His wife goes on to say in the interview that, “He still has point of view, but he’s not going to take a stand because there are people who love Jim who are atheists, and who love Jim and are of all faiths. The Christian ghetto is a hard one to get out of if I’m only preaching to the choir.” Yet, if you watch the episode, there is not one ounce of joy that he takes in his faith. Sure, as a family they may not be using artificial birth control and may go to church on Sunday, but that is certainly not all that makes up what it means to be a real catholic in the world.
Do not be afraid to go out on the streets and into public places, like the first Apostles who preached Christ and the Good News of salvation in the squares of cities, towns and villages. This is no time to be ashamed of the Gospel (Cfr. Rom 1,16 ). It is the time to preach it from the rooftops (Cfr. Matth 10,27 ). Do not be afraid to break out of comfortable and routine modes of living, in order to take up the challenge of making Christ known in the modern “metropolis”. It is you who must “go out into the byroads” ( Matth 22,9 ) and invite everyone you meet to the banquet which God has prepared for his people. The Gospel must not be kept hidden because of fear or indifference. It was never meant to be hidden away in private. It has to be put on a stand so that people may see its light and give praise to our heavenly Father. ~ Pope St. John Paul II to the youth of the 8th World Youth Day in Denver, CO
Now, before you get your Pope Francis scapulars in a knot, I want to clearly say that I am not judging the state of Mr. Gaffigan’s soul. I am simply speaking about what he has admitted to publically, and how that compares to the call he has received in Baptism; a call that all of the baptized have received. I think in many ways all of us who take this beautiful thing called Catholicism seriously, can relate to dealing with some degree of fear of ridicule from our friends and acquaintances when speaking the Gospel. The Feast of Pentecost which we celebrated this past Sunday is a great reminder of this fact. The Apostles, though pretty solid, had not yet been invigorated by the Holy Spirit to go out into the world and preach the Gospel as they were commanded. So, they huddled up in the Cenacle and kept praying until the Promise of Jesus was fulfilled in their midst. Once the Holy Spirit showed up, they burst through the doors of the Upper Room and declared the “works of God” to the world, first in Jerusalem and spreading across the globe (Acts 2).

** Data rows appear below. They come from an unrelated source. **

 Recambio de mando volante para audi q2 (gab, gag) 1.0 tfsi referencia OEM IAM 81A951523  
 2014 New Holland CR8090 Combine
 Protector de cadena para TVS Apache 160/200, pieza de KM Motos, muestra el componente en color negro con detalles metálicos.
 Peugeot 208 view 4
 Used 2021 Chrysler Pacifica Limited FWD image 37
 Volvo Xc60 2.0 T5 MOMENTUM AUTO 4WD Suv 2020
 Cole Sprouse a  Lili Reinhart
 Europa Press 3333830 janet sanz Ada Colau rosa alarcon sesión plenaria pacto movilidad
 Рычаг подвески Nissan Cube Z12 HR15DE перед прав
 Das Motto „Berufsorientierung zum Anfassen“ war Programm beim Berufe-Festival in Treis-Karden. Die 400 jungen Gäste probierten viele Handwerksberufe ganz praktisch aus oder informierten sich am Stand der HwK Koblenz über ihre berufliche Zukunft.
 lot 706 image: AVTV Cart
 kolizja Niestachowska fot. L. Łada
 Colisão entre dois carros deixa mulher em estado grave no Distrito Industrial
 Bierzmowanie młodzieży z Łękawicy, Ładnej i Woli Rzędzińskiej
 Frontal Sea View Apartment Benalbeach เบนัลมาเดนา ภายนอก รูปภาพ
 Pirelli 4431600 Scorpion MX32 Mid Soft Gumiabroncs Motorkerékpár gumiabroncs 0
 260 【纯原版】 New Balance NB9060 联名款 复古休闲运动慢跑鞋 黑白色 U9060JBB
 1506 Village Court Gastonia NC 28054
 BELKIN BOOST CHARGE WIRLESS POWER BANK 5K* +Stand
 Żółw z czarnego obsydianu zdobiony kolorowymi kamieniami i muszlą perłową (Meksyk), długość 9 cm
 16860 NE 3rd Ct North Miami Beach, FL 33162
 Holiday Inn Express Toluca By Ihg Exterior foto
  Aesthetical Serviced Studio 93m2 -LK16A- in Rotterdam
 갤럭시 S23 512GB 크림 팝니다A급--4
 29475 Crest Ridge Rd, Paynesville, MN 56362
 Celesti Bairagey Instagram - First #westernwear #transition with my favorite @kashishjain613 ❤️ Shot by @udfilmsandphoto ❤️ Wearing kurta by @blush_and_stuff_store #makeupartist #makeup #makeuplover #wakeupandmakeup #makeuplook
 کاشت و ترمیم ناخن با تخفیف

We, as baptized and confirmed Christians have this same gift. The Holy Spirit has come to dwell in us through the Sacraments, and has given us the ability to come to know the Truth, to speak and to live it in the world. For Jim Gaffigan, and I think a lot of us, we fail to tap into this reality. Yet, it is our sacred duty, instilled in us through the Sacraments, to go out into the world and “make disciples of all nations.” We must speak the truth, no matter how much the world will hate us. In light of the recent feast the Church has just celebrated, let us take this gift of the Holy Spirit’s indwelling more seriously and ask ourselves, “Are we truly unashamed of the Gospel?”
In this secularized age, when many of our contemporaries think and act as if God did not exist or are attracted to irrational forms of religion, it is you, dear young people, who must show that faith is a personal decision which involves your whole life. Let the Gospel be the measure and guide of life’s decisions and plans! Then you will be missionaries in all that you do and say, and wherever you work and live you will be signs of God’s love, credible witnesses to the loving presence of Jesus Christ. Never forget: “No one lights a lamp and then puts it under a bushel” (Mt 5:15)!